Accompanied by US marshals, Microsoft employees raided office buildings in Scranton, Pennsylvania and Lombard, Illinois on Friday; seizing servers believed to be running botnets used for identity theft. The botnets are infected with the Zeus family of malware, which uses keylogging to go after a user's financial information. Microsoft is reporting 13 million suspected Zeus infections worldwide since 2007, with more than three million just in the US.
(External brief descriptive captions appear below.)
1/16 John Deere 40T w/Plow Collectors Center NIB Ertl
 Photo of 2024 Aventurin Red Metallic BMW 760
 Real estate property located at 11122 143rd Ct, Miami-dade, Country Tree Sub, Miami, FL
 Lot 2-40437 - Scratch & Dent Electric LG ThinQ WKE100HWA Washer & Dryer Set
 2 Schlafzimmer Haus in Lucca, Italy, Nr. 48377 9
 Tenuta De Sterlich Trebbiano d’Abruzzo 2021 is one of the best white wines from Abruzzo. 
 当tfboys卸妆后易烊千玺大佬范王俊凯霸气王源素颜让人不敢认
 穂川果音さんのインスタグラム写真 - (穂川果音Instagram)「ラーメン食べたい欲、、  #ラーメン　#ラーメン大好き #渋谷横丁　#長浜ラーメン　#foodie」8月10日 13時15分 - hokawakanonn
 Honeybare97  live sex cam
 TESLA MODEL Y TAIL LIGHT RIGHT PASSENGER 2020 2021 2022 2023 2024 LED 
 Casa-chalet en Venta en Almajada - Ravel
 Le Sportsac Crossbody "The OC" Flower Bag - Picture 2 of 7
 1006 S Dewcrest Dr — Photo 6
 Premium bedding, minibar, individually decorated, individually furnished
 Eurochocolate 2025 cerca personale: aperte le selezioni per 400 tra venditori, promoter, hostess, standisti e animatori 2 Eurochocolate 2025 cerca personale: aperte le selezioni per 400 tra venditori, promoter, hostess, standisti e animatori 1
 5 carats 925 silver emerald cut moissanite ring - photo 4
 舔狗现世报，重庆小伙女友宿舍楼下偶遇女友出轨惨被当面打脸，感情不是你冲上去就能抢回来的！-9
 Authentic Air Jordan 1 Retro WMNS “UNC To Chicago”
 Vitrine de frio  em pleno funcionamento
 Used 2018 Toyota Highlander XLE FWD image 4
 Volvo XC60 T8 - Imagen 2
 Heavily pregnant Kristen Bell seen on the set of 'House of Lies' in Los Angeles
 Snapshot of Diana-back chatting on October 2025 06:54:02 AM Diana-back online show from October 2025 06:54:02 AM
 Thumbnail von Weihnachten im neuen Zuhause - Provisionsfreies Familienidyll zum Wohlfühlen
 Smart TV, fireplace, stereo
If you're wondering what Microsoft is doing carrying out raids on office buildings, we're right there with you. It turns out that the company's Digital Crimes Unit (DCU) has used a bit of legal ingenuity to go after criminals directly — by filing a civil suit claiming the botnets violate Microsoft's trademarks, and asking the court for permission to go after their command and control structures. In the complaint, brought before the US District court for the Eastern District of New York, Microsoft (along with co-plaintiffs from the financial world) claim that the Zeus software is available for purchase as a "builder kit" for between $700 and $15,000, depending on the degree of tailoring required by the customer/criminal. For that fee, you get software to generate executable botnet code, configuration files, and web server files that you can deploy on your own command and control server.
Microsoft acknowledges that the complexity of the Zeus family of botnets makes a complete shutdown impossible, but it believes this raid will significantly impact the organizations behind the scenes. The company says the case and operation are ongoing, and we'll keep you posted on future developments.